ESXi Host and virtual machines lose network connectivity during VM backup.
search cancel

ESXi Host and virtual machines lose network connectivity during VM backup.

book

Article ID: 432779

calendar_today

Updated On:

Products

VMware vSphere ESXi

Issue/Introduction

  • When a scheduled virtual machine backup is triggered, network connectivity issues occur across the ESXi host and its VMs in the cluster.
  • Continuous ICMP pings from an external jump server to the ESXi host or VMs show intermittent packet drops.
  • Backups complete successfully, but the ESXi host and VMs remain unresponsive for a brief period.
  • Network connectivity is automatically restored upon completion of the backup task.
  • vCenter Server shows multiple missed heartbeats and connection loss for the affected host.

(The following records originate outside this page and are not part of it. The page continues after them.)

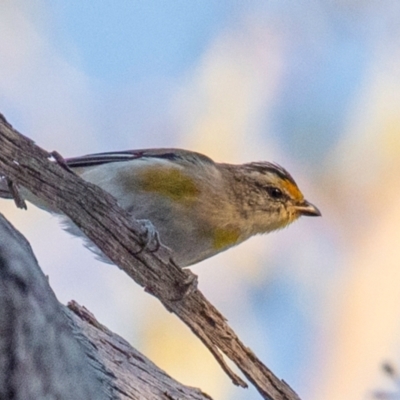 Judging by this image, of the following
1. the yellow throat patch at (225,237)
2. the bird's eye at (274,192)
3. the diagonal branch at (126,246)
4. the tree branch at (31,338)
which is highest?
the bird's eye at (274,192)

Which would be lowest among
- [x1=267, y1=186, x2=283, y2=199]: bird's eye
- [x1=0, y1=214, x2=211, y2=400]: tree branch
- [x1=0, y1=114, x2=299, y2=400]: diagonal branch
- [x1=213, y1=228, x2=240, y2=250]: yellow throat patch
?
[x1=0, y1=214, x2=211, y2=400]: tree branch

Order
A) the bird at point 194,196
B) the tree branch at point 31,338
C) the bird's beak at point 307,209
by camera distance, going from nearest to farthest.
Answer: the tree branch at point 31,338 < the bird at point 194,196 < the bird's beak at point 307,209

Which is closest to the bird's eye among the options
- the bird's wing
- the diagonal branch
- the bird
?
the bird

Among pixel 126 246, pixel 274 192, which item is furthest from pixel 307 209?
pixel 126 246

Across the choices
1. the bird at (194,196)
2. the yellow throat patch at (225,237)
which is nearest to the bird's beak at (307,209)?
the bird at (194,196)

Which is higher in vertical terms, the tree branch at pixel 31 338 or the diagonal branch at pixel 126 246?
the diagonal branch at pixel 126 246

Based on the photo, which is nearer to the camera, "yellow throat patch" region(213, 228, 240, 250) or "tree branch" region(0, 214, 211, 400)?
"tree branch" region(0, 214, 211, 400)

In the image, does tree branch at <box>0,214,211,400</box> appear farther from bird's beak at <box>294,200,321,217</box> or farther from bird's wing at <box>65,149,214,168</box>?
bird's beak at <box>294,200,321,217</box>

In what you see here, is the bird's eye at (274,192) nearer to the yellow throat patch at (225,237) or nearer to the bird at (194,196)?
the bird at (194,196)
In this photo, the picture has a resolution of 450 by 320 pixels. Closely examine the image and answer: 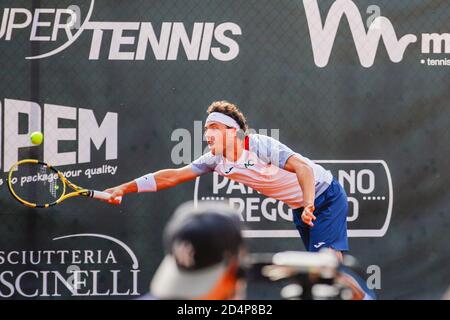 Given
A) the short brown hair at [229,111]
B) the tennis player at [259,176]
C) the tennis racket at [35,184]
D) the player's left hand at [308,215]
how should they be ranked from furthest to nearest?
the tennis racket at [35,184]
the short brown hair at [229,111]
the tennis player at [259,176]
the player's left hand at [308,215]

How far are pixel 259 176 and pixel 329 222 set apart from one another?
0.59 metres

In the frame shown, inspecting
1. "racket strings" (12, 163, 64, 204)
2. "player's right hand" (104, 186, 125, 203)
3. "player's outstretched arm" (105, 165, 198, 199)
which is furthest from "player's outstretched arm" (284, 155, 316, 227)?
"racket strings" (12, 163, 64, 204)

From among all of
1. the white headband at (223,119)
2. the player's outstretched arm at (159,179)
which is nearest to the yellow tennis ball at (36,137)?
the player's outstretched arm at (159,179)

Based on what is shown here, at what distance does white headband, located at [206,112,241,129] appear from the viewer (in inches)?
245

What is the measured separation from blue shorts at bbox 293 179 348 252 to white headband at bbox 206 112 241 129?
0.77 metres

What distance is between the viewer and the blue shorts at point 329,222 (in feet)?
20.1

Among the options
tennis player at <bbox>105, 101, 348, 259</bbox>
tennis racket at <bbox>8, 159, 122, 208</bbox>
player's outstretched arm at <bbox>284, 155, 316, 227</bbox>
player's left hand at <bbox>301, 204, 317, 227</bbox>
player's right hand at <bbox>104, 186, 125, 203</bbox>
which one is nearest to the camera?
player's left hand at <bbox>301, 204, 317, 227</bbox>

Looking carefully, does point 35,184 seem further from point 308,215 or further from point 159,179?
point 308,215

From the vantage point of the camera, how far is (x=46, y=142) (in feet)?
21.0

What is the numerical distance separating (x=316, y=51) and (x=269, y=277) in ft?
13.0

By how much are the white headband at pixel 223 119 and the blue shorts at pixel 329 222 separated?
0.77 metres

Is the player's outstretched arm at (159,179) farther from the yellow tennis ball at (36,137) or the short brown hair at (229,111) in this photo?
the yellow tennis ball at (36,137)

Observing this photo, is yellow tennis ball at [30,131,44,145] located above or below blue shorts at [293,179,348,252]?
above

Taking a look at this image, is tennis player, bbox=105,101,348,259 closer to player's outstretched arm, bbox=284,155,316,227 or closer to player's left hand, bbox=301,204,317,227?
player's outstretched arm, bbox=284,155,316,227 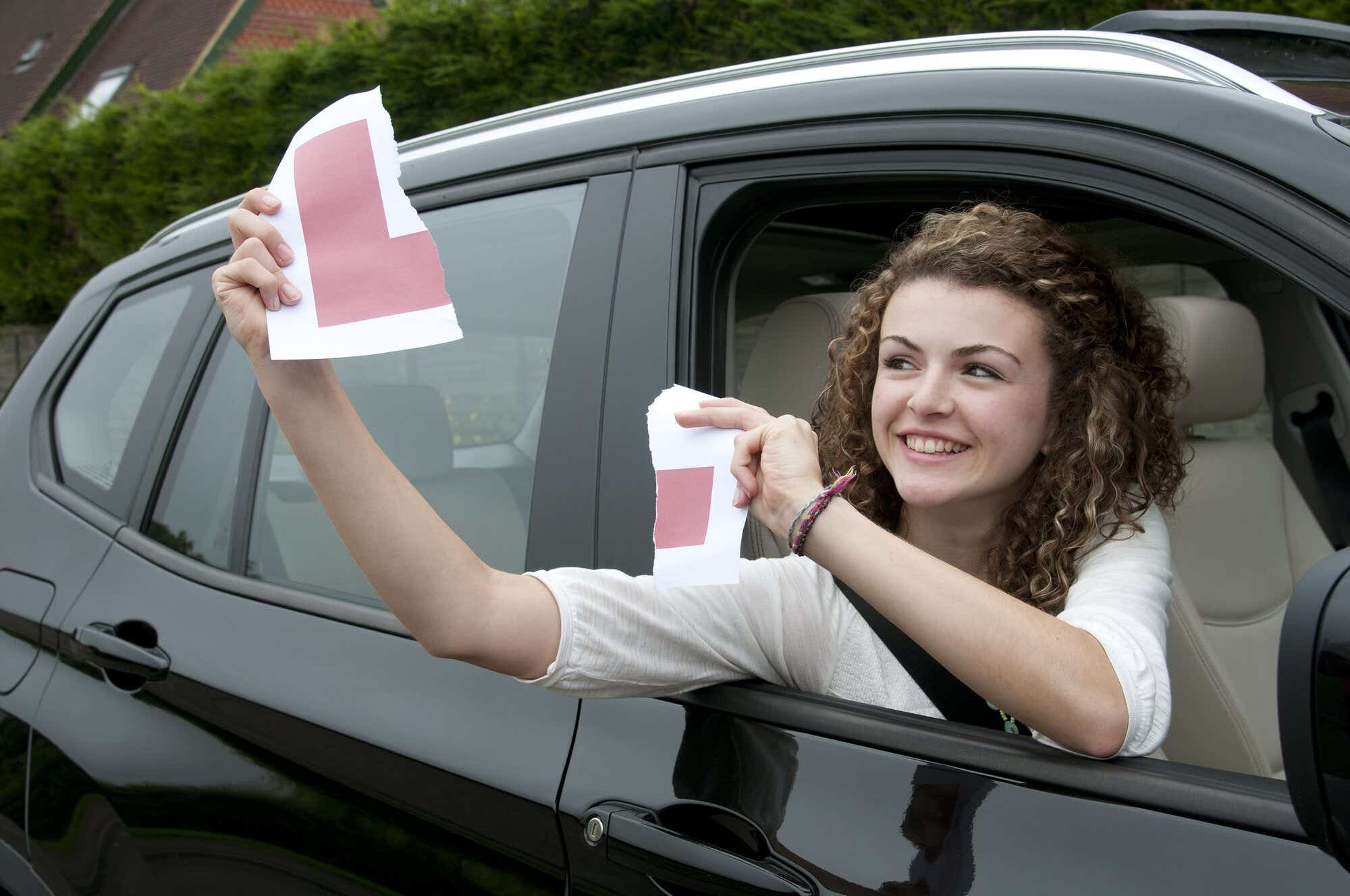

    /var/log/vmware/vpxd/vpxd.log

    YYYY-MM-DD:T:HH:MM:SS info vpxd[#####] [Originator@68## sub=HostCnx opID=CheckforMissingHeartbeats-380####] [VpxdHostCnx] No heartbeats received from host; cnx: <UUID>, host-<ID>, time since last heartbeat: 98769ms
    YYYY-MM-DD:T:HH:MM:SS info vpxd[[#####]] [Originator@68## sub=HostCnx opID=CheckforMissingHeartbeats-380####]] Marking the connection alive to false: <UUID>
    YYYY-MM-DD:T:HH:MM:SS info vpxd[[#####]] [Originator@68## sub=InvtHostCnx opID=CheckforMissingHeartbeats-380####]] Got lost connection callback for host-<ID>

Environment

VMware vCenter Server 8.0
VMware vSphere ESXi 8.0

Cause

This issue is caused by network congestion or traffic interception on the physical network during backup operations. High-volume data from security scanning tools or traffic mirroring across VLANs can overwhelm the network during backup windows, preventing ESXi heartbeat packets from reaching the vCenter Server.

Resolution

Reach out to the internal network team, as this issue could be caused by the traffic mirroring network solution in the environment (not limited though)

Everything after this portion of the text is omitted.